• What you have to do: An exact copy of the lines of the listing below between the "Wind Round Chandelier" line and the "28 februarie 2007" line, both included, is the whole answer; please omit the pictures.

Available data below:

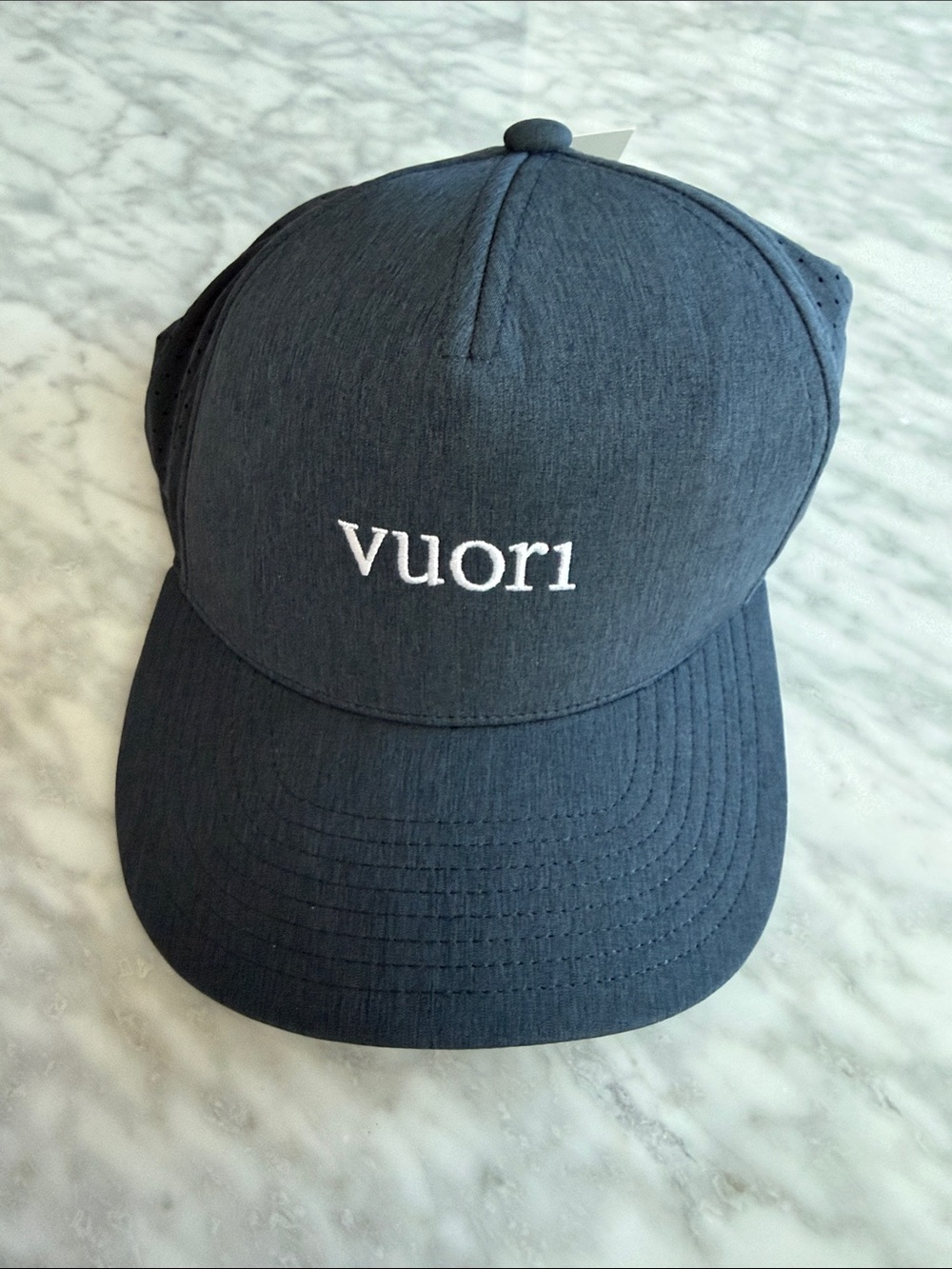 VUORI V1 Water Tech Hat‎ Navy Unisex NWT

End of Available data.
Available data below:

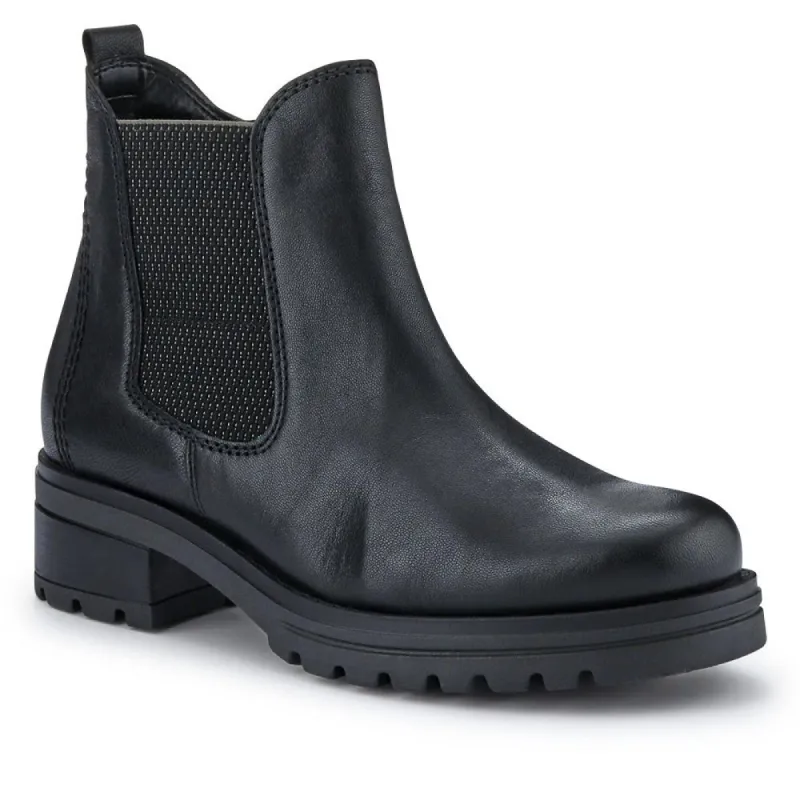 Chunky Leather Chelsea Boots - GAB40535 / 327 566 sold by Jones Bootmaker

End of Available data.
Available data below:

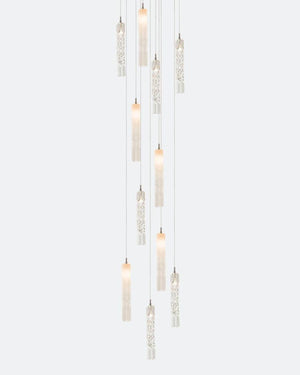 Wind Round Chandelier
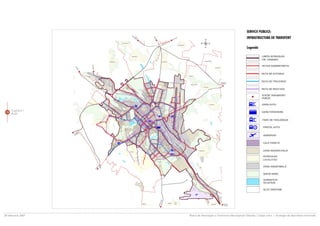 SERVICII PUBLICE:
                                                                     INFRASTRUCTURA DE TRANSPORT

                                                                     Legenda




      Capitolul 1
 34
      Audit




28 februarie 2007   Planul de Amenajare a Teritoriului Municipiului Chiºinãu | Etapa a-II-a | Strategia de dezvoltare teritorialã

End of Available data.

• Exercise answer:
 Wind Round Chandelier
 SERVICII PUBLICE:
                                                                     INFRASTRUCTURA DE TRANSPORT

                                                                     Legenda




      Capitolul 1
 34
      Audit




28 februarie 2007   Planul de Amenajare a Teritoriului Municipiului Chiºinãu | Etapa a-II-a | Strategia de dezvoltare teritorialã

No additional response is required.